Pasal 15 Peraturan Kapolri

Hazairin Sitepu

Oleh Hazairin Sitepu

Upacara pemakaman jenazah Brigadir J secara kedinasan setelah outopsi ulang itu menyalahi aturan kepolisian?

Bacaan Lainnya

Karena itu apakah kuburan Brigadir J harus digali lagi? Lalu jenazah Brigadir J dimakamkan lagi secara tidak ketidanasan?

Saya berada di sekitar depan ruang otopsi ulang jenazah Brigadir J itu cukup lama.

Mulai pukul 11:00 WIB sampai dengan pukul 15:20. Banyak wartawan juga berada di situ.

Kami memang sedang menunggu hasil outopsi ulang jenazah Brigadir J. Juga menunggu peti jenazah keluar dari ruang outopsi.

Mula-mula menunggu di depan UGD Rumah Sakit Sungai Bahar itu. Banyak keluarga Brigadir J dan wartawan juga menunggu di situ.

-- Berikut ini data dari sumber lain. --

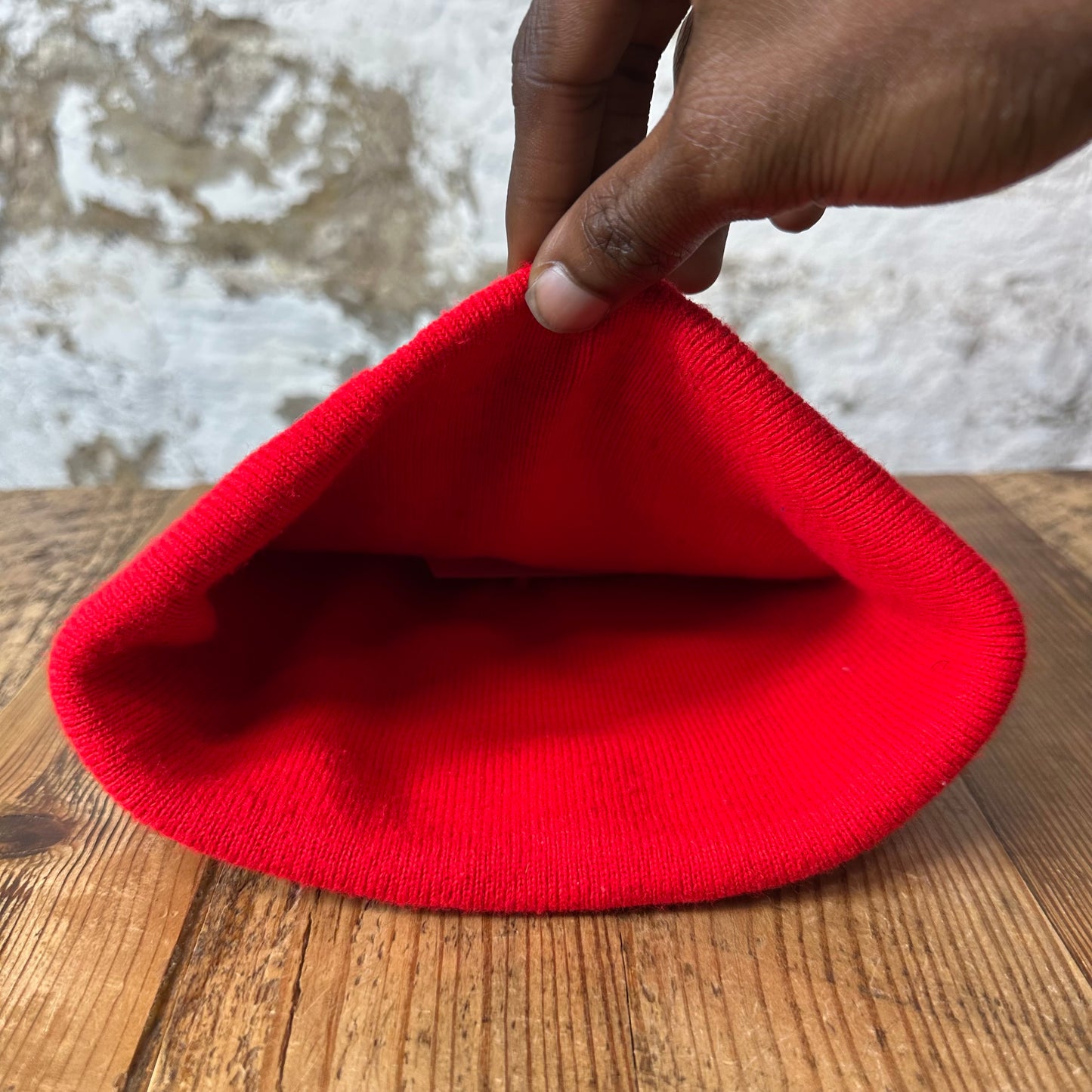 Chrome Hearts White Spell Logo Red Beanie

Tetapi saya harus pindah ke jarak lebih dekat dari depan ruang outopsi pada pukul 12:30, biar mata lebih banyak menangkap aktivitas petugas di sekitar situ.

Kesibukan di depan ruang otopsi memang mulai tampak. Saya mengambil tempat paling strategis, sehingga bisa melihat secara utuh semua aktivitas. Menjelang pukul 13:00, space di sepanjang belakang police line penuh sesak dengan wartawan dan bukan wartawan.

Menjelang pukul 14:00, anggota polisi di depan ruang otopsi makin banyak. Saya melihat ada dua atau tiga pejabat polisi berpangkat AKBP (ajun komisaris besar polisi) berada di situ. Makin sibuk. Dan latihan upacara pun dimulai.

Tirai berwarna kuning yang tadinya digulung ke atas, diturunkan untuk menutupi pandangn wartawan dan orang-orang.

Mungkin saja agar latihan upacara penyerahan dan penerimaan jenazah Brigadir J tidak terganggu.

Pukul 15:10, peti jenazah Grigadir J keluar dari ruang outopsi. Peti itu terbungkus kain merah putih.

Dan jenazah Brigadir, sebelum dimasukkan ke dalam peti, menurut Jhonson Panjaitan, dipakaikan seragam dinas kepolisian.

Jhonson adalah salah satu penasihat hukum keluarga Brigadir J yang ikut menyaksikan proses outopsi ulang.

Pihak keluarga Brigadir J lalu menyerahkan jenazah ke kepolisian untuk dimakamkan secara kedinasan.

Setelah penerimaan, jenazah pun diusung oleh anggota Samapta dari Polres Muaro Jambi ke ambulance untuk selanjutnya dimakamkan kembali secara kedinasan.

Ada dua hal dari penggalian kuburan Brigadir J. Pertama, untuk mengoutopsi ulang jenazah yang sudah dimakamkan sejak 10 Juli itu.

Outopsi ulang karena sebelumnya sudah dioutopsi. Outopsi ulang karena ada keraguan atas fakta-fakta outopsi sebelumnya.

Outopsi ulang untuk mendapatkan fakta-fakta sesungguhnya. Outopsi ulang, mungkin saja atas permintaan keluarga.

Tetapi outopsi ulang itu, mungkin saja juga, atas perintah penyidik setelah mendapatkan fakta-fakta dari objek penyidikan yang lain.

Kedua, bisa jadi penggalian jenazah Brigadir J atas perintah penyidik itu, karena pemakamannya tidak secara kedinasan.

Karena itu harus dimakamkan kembali secara ketidanasan. Padahal, mungkin saja pemakaman secara kedinasan itu, atas permintaan keluarga Brigadir J.

Peraturan Kapolri Nomer 16 tahun 2014 pasal 15 menyebutkan, “Upacara pemakaman jenazah sebagaimana dimaksud dalam pasal 4 huruf i, merupakan perwujudan penghormatan dan penghargaan terakhir dari bangsa dan negara terhadap pegawai negeri pada Polri yang gugur, tewas atau meninggal dunia biasa, kecuali meninggal dunia karena perbuatan yang tercela.”

Satu, upacara kedinasan pemakaman Brigadir J adalah perwujudan penghormatan.

Dua, sebagai penghargaan terakhir dari bangsa dan negara.

Tiga, bukan meninggal dunia akibat perbuatan tercela.

Keluarga boleh saja meminta, boleh saja memohon agar jenazah Brigadir J dimakamkan secara kedinasan. Dan kepolisian pasti akan menolak jika permintaan dan permohonan itu tidak sesuai peraturan Kapolri nomer 16 itu.

Pemakaman ulang oleh kepolisian di Muaro Jambi hari Rabu 17 Juli itu mungkin saja karena tidak ada faktor pengecualian dalam pasal 15 peraturan Kapolri: meninggal bukan akibat perbuatan tercela.

Dan pemakaman secara kedinasan itu pengakuannya.

Dan… Polres Muaro Jambi tidak mungkin melakukan itu bila tidak ada perintah turun dari yang paling tinggi.